Deciphering age-related transcriptomic changes in mouse retinal pigment epithelium

Aging of the retinal pigment epithelium (RPE) leads to a gradual decline in RPE homeostasis over time, significantly impacting retinal health. Understanding the mechanisms underlying RPE aging is crucial for elucidating the background in which many age-related retinal pathologies develop. In this study, we compared the transcriptomes of young and aged mouse RPE and found a marked upregulation of immunogenic and proinflammatory genes in aging RPE. Additionally, aging RPE exhibited dysregulation of pathways associated with visual perception and extracellular matrix production. Research on aging in post-natal quiescent RPE is hindered by the absence of relevant in vitro models. We evaluated an in vitro model of chronologically aged primary human RPE to address this gap, which displayed gene expression patterns comparable to native-aged RPE. Profiling this in vitro aging model highlighted its potential utility in investigating cellular and molecular mechanisms of RPE aging and in preliminary testing of therapeutic compounds.
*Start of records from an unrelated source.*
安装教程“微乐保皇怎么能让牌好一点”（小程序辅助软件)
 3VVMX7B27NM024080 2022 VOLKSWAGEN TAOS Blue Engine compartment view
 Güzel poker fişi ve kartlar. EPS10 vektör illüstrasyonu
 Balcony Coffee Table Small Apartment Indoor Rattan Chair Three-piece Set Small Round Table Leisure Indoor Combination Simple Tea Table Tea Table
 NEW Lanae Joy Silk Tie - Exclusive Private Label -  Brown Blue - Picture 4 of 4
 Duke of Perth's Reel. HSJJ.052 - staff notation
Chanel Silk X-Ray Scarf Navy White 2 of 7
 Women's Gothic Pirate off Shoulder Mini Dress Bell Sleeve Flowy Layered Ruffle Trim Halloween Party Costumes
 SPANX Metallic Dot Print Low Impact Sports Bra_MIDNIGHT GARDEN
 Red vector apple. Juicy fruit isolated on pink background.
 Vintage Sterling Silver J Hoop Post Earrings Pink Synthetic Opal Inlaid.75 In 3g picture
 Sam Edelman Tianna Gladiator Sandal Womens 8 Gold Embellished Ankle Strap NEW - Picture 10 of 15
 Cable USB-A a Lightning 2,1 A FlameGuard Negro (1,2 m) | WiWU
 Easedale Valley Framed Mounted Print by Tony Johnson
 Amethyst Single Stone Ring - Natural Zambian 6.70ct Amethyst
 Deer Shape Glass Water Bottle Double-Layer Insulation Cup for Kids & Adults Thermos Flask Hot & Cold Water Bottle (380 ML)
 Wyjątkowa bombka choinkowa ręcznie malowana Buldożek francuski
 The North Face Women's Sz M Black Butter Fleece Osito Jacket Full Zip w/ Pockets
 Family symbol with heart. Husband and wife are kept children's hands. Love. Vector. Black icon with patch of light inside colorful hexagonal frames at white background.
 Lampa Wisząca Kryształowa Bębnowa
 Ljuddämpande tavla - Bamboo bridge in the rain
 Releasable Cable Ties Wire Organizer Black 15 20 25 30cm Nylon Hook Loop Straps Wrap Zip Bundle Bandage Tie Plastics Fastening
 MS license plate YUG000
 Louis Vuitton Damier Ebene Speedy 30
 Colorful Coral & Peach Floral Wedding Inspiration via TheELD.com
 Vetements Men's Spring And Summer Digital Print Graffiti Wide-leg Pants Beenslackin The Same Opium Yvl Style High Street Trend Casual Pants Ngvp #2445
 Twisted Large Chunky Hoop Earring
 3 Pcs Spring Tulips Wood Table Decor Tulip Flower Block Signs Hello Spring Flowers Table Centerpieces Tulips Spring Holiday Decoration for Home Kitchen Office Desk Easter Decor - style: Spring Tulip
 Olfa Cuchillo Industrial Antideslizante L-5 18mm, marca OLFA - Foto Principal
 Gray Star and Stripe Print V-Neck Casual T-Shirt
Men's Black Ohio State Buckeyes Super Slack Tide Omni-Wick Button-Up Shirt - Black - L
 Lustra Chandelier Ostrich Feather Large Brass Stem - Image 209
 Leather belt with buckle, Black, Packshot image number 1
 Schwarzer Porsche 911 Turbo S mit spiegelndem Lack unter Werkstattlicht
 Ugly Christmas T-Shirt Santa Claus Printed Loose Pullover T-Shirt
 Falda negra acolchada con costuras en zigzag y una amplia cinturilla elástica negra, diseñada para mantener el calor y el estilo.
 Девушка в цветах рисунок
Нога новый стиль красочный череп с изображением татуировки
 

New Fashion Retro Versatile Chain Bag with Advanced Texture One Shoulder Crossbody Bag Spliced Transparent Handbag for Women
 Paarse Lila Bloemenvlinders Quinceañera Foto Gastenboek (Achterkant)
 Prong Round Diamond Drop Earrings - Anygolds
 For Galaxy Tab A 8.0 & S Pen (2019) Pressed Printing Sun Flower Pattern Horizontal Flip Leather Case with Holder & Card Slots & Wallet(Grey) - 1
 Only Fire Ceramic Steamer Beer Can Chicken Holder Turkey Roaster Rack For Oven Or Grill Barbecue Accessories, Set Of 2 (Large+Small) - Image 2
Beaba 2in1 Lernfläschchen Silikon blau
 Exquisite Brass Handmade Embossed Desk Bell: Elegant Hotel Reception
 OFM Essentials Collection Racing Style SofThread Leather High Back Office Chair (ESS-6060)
Overall, our findings suggest chronological aging of RPE leads to the acquisition of a proinflammatory phenotype, impacting RPE function and serving as a significant factor in the development of age-related retinal pathologies. Overall design: We performed transcriptome profiling of ribosomal RNA depleted sequencing data from RPE/choroid of young (2-3 months) and aged (20-24 months) mice (n=4 per group).